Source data
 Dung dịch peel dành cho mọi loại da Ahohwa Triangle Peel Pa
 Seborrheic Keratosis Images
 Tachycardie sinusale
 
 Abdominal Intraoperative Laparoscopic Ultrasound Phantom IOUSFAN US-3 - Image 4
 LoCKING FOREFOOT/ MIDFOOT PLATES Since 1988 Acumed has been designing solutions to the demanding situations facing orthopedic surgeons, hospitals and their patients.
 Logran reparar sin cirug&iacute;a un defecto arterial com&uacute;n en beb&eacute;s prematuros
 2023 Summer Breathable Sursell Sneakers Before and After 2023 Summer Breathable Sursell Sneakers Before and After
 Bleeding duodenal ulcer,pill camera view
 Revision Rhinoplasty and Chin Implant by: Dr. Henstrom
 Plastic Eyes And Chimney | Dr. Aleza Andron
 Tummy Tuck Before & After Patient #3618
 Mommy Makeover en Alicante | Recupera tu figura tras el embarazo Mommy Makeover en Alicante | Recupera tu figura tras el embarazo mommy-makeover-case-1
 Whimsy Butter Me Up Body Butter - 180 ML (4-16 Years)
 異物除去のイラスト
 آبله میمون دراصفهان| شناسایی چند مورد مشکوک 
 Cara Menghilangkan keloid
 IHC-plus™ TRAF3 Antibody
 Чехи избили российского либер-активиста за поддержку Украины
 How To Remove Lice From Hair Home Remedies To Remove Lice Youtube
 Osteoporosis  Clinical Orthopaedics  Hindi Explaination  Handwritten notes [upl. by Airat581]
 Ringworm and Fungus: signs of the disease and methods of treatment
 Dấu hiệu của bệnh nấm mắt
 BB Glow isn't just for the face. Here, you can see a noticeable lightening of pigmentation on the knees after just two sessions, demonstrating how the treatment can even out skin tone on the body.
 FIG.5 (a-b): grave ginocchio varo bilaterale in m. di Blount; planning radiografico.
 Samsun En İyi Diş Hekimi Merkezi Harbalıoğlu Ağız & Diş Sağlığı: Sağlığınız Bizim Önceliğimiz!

Work request
Take the stretch of lines above from the one containing "Logran reparar sin" through the one containing "IHC-plus™ TRAF3 Antibody" and repeat it exactly, adding no other line.

Written response
 Logran reparar sin cirug&iacute;a un defecto arterial com&uacute;n en beb&eacute;s prematuros
 2023 Summer Breathable Sursell Sneakers Before and After 2023 Summer Breathable Sursell Sneakers Before and After
 Bleeding duodenal ulcer,pill camera view
 Revision Rhinoplasty and Chin Implant by: Dr. Henstrom
 Plastic Eyes And Chimney | Dr. Aleza Andron
 Tummy Tuck Before & After Patient #3618
 Mommy Makeover en Alicante | Recupera tu figura tras el embarazo Mommy Makeover en Alicante | Recupera tu figura tras el embarazo mommy-makeover-case-1
 Whimsy Butter Me Up Body Butter - 180 ML (4-16 Years)
 異物除去のイラスト
 آبله میمون دراصفهان| شناسایی چند مورد مشکوک 
 Cara Menghilangkan keloid
 IHC-plus™ TRAF3 Antibody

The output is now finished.